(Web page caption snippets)
________________________________________

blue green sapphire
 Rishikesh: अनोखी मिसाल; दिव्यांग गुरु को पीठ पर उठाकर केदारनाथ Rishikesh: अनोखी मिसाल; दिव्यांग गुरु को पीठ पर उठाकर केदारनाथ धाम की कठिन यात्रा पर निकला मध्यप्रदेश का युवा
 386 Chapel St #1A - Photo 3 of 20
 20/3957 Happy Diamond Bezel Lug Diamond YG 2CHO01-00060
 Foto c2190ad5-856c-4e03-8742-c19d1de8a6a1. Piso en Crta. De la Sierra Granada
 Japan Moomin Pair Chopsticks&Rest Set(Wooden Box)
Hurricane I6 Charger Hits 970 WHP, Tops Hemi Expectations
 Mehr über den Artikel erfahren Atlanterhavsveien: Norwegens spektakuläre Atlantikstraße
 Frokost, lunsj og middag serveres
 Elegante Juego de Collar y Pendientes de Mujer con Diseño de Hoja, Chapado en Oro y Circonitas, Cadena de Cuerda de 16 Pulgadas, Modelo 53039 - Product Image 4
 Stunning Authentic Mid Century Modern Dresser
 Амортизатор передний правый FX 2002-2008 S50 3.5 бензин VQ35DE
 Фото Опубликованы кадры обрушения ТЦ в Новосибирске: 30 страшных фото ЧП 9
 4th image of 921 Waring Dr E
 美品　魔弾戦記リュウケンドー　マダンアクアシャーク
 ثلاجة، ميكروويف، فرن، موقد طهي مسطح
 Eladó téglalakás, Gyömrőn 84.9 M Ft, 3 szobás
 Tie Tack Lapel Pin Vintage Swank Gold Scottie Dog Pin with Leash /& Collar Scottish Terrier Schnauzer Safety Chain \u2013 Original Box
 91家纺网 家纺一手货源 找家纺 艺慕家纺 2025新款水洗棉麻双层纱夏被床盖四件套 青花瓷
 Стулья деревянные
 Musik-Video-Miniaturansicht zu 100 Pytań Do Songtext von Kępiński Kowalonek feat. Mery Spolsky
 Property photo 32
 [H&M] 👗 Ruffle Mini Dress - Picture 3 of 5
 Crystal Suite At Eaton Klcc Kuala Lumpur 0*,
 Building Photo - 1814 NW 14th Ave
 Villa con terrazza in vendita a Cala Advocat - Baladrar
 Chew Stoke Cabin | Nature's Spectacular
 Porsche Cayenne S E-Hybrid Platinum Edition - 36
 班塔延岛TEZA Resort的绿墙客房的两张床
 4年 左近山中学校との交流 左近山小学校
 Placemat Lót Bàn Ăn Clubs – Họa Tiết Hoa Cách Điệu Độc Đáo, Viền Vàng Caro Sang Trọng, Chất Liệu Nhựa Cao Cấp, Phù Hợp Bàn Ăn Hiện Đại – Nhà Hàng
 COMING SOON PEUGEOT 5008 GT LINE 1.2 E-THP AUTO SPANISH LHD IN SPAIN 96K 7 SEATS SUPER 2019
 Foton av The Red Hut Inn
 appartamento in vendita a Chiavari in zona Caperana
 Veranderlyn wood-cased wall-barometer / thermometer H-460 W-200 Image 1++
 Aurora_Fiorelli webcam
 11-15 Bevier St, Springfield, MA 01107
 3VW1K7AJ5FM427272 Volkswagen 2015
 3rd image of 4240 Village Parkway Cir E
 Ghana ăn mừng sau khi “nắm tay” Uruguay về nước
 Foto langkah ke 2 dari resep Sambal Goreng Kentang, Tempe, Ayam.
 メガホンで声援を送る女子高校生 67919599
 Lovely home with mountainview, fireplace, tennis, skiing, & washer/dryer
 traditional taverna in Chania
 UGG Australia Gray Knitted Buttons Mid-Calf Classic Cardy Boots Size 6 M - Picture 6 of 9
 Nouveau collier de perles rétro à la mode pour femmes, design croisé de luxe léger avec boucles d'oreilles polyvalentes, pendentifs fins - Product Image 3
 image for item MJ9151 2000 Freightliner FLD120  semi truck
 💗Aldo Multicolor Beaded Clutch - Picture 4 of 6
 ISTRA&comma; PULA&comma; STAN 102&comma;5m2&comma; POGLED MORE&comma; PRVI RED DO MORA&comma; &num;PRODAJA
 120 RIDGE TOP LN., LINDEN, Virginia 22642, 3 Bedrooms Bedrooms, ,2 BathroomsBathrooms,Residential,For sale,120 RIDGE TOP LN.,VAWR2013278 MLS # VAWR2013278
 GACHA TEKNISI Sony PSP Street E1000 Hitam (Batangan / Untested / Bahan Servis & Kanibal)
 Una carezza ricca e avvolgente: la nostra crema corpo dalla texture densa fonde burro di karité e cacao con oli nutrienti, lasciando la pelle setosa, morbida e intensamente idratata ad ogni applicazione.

________________________________________

== What is being asked ==
All lines above between those holding "メガホンで声援を送る女子高校生 67919599" and "UGG Australia Gray", inclusive, must be set down unchanged, and no other line may be included.

== Solution to this problem ==
 メガホンで声援を送る女子高校生 67919599
 Lovely home with mountainview, fireplace, tennis, skiing, & washer/dryer
 traditional taverna in Chania
 UGG Australia Gray Knitted Buttons Mid-Calf Classic Cardy Boots Size 6 M - Picture 6 of 9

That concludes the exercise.